STT (Speech-to-Text)

Prev Next

Available in Classic and VPC

Accept speech data in MP3, AAC, AC3, OGG, FLAC, and WAV formats, as well as the language to be used for speech recognition, and convert the recognition results to text.

Request

The following describes the request format for the endpoint.

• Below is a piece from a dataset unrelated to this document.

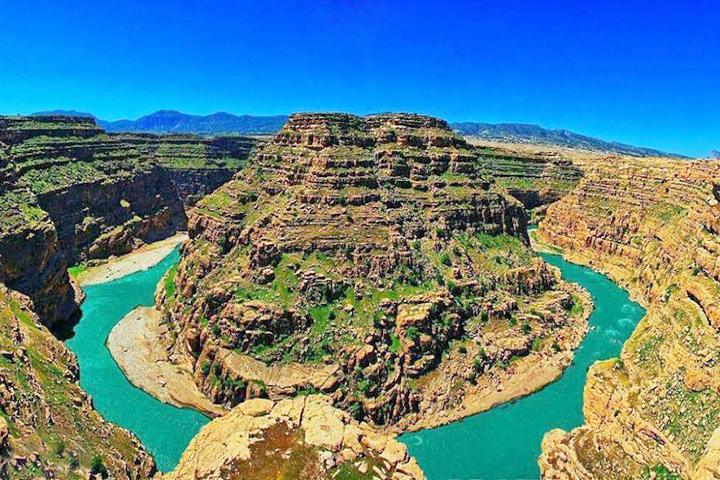 شکوفایی لرستان منوط به توسعه گردشگری است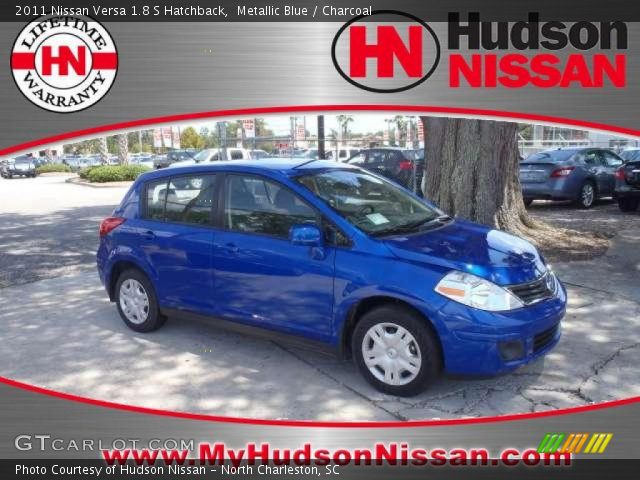 2011 Nissan Versa 1.8 S Hatchback in Metallic Blue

The request format is as follows:

Method URI
POST /stt

Request headers

For headers common to all CLOVA Speech Recognition (CSR) APIs, see Common CLOVA Speech Recognition (CSR) headers.

Request query parameters

The following describes the request query parameters.

Field Type Required Description
lang String Required Language of the converted text
  • Kor | Eng | Jpn | Chn
    • Kor: Korean
    • Eng: English
    • Jpn: Japanese
    • Chn: Chinese (Simplified)

Request body

The following describes the request body.

Field Type Required Description
Voice data to convert Binary Required Binary voice data in MP3, AAC, AC3, OGG, FLAC, or WAV format
  • Playback time up to 60 seconds

Request example

The following is a sample request.

curl --location --request POST 'https://naveropenapi.apigw.ntruss.com/recog/v1/stt
?lang=Kor' \
--header 'X-NCP-APIGW-API-KEY-ID: {Client ID issued when registering the app}' \
--header 'X-NCP-APIGW-API-KEY: {Client secret issued when registering the app}' \
--header 'Content-Type: application/octet-stream' \
--data '@{file}'

Response

The following describes the response format.

Response body

The following describes the response body.

Field Type Required Description
text String - Converted text from voice file

Response status codes

For response status codes common to all CLOVA Speech Recognition (CSR) APIs, see Common CLOVA Speech Recognition (CSR) response status codes.

Response example

The following is a sample example.

{
    "text": "Hello,"
}